## PROBLEM TO WORK ON
Exactly those lines that run from the one containing "14K Gold Plated" through the last line of the entries below should be printed, and no others.

(Data items)
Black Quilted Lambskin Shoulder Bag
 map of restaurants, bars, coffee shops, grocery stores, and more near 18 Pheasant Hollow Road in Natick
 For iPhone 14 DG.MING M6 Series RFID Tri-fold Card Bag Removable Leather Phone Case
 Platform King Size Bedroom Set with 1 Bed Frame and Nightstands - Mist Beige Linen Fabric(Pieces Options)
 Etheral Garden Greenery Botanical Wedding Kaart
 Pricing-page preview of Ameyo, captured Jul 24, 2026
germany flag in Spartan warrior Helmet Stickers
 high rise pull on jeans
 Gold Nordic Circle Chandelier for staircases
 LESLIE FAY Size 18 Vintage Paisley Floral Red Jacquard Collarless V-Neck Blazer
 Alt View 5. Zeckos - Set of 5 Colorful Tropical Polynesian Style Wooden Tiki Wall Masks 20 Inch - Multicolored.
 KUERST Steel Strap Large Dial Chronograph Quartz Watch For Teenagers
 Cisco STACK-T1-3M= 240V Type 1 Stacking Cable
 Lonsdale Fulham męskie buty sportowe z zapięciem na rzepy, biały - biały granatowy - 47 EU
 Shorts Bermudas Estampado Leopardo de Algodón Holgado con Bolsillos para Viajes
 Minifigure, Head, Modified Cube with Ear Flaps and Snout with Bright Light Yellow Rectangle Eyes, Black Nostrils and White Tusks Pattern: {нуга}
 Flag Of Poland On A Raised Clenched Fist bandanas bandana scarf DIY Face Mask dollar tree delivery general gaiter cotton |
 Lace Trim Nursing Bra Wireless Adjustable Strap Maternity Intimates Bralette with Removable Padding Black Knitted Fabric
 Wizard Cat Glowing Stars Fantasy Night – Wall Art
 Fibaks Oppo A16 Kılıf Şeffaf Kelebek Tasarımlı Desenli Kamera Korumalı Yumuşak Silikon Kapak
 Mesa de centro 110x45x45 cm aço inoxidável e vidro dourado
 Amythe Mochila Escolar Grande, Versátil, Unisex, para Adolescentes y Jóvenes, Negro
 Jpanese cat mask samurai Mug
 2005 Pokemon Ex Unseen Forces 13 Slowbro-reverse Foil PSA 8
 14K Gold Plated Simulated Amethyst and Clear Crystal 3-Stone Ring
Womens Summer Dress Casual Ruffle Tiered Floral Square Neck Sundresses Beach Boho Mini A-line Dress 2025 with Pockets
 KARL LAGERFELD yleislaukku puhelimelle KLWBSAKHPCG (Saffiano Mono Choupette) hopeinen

## PROBLEM SOLUTION
 14K Gold Plated Simulated Amethyst and Clear Crystal 3-Stone Ring
Womens Summer Dress Casual Ruffle Tiered Floral Square Neck Sundresses Beach Boho Mini A-line Dress 2025 with Pockets
 KARL LAGERFELD yleislaukku puhelimelle KLWBSAKHPCG (Saffiano Mono Choupette) hopeinen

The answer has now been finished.